ALU S.Rawat. ALU ALU an Engine for any Computational Silicon. We have different units ALU/FPUs for Integers/Floats respectively. Mainly Decided based.

EDI B E 8 50 PURCHAS O P...ISA-0 ISA-0 ISA-0 ISA-0 ISA-0 info) ISA-0 EDI i ISA-0 shou ISA-0 CAN ISA-0 ISA-ISA-ISA-ISA-ISA- ... 18=TP Qualifier to 19=Y Identifies Lin 20=PQ Qualifier

Data Oblivious ISA Extensions for Side Channel-Resistant ...aspects of this problem by developing a novel type of ISA extension which we call a Data Oblivious ISA extension (OISA).

1 Chapter 3, Appendix B ALU for Computers (MIPS) design a fast ALU for the MIPS ISA requirements ? –support the arithmetic/logic operations: add, addi.

Computer Systems Organization · ALU and registered connected by several buses.

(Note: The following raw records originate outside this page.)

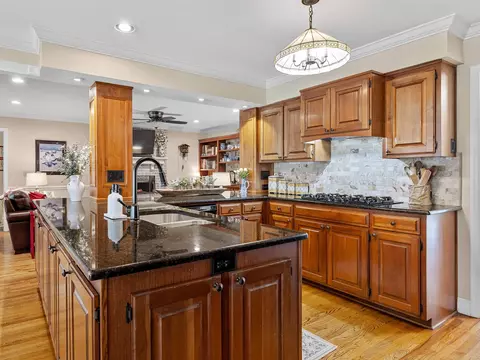 Kitchen - 312 E Killarney Lk, Moore, SC 29369 photo 2 of 3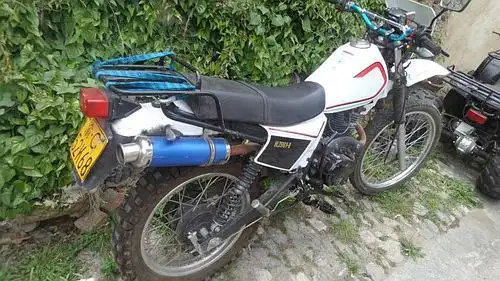 出大白菜越野摩托200cc动力十足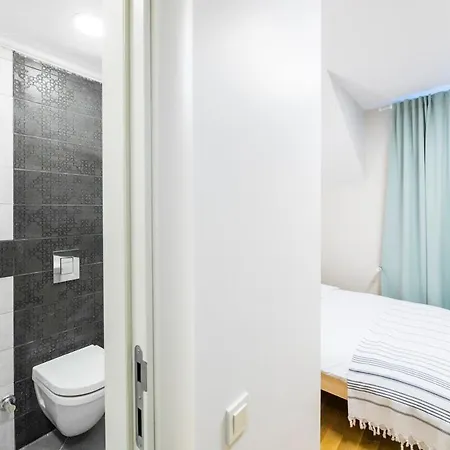 Apartamento Elegant 2 Bedroom Duplex House With Garden In Cihangir *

A + B A + B A A B B Registers ALU input register ALU output register ALU ALU input b us Registers feed

R600 ISA - freedesktop.org · TU Dresden, 09.11.11 R600 ISA Folie 8 Control Flow Programs One instruction: 64 bits Call ALU clauses (ALU), texture fetch clauses and vertex fetch clauses

Alu-Tech Bodyshell - Canterbury · PDF file · 2015-12-04Alu-Tech Bodyshell The pursuit of enjoyment ... About Alu-Tech Alu-Tech Bodyshell Alu-Tech Bodyshell Alu-Tech Bodyshell Alu-Tech

Lecture 21: Data Level Parallelism --SIMD ISA Extensions ... · 11 Multimedia Extensions (aka SIMD extensions) to Scalar ISA § Very short vectors added to existing ISAsfor microprocessors

ALU Architecture and ISA Extensions - ECE 3056ece3056-sy.ece.gatech.edu/wp-content/uploads/sites/546/2017/08/...ALU Architecture and ISA Extensions ... • Basic Arithmetic Logic Unit

Alu Alu J AluJb AluJo Alu S Alu Sx Alu Sg Alu Sp Alu Sc Alu Sq Alu Y.

Alu-Alu Machine Change Parts By Pharmatech Engineering Company, Maharashtra

ALU Report

Alu Nortel

ITEC 352 Lecture 12 ISA(3). Review Buses Memory ALU Registers Process of compiling.

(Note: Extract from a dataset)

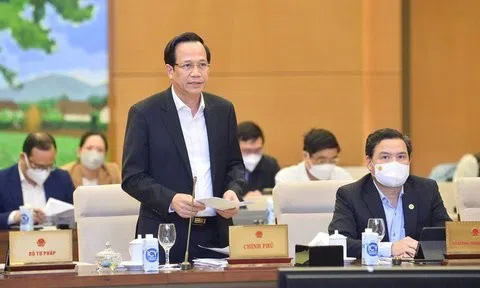 Xem xét tăng giờ làm nhằm phục hồi kinh tế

Product Catalogue - Form-Scaff · 2018-12-11 · Alu-Up Prop Stubs and Extensions Alu-Up Prop Extensions are used to extend the propping height in small increments. The Stubs are

· technQwood DESIGN ARCHITECTURE SYSTEMS TECHNOWOOD Alu Panel ALU product details

Alu Catalogue

M3 – RISC-V ALU Design · Truth Table of the ALU CU Instrn Opcode ALU Op Operation funct7 funct3 ALU Action ALU Control Input LD 00 Load doubleword XXXXXXX XXX add 0010 SD 00 Store

ALU & CPU Computer Architecture. Introducing ALU ALU: Arithmetic & Logic Unit –Performs arithmetic operations Addition Subtraction –Performs logic operations.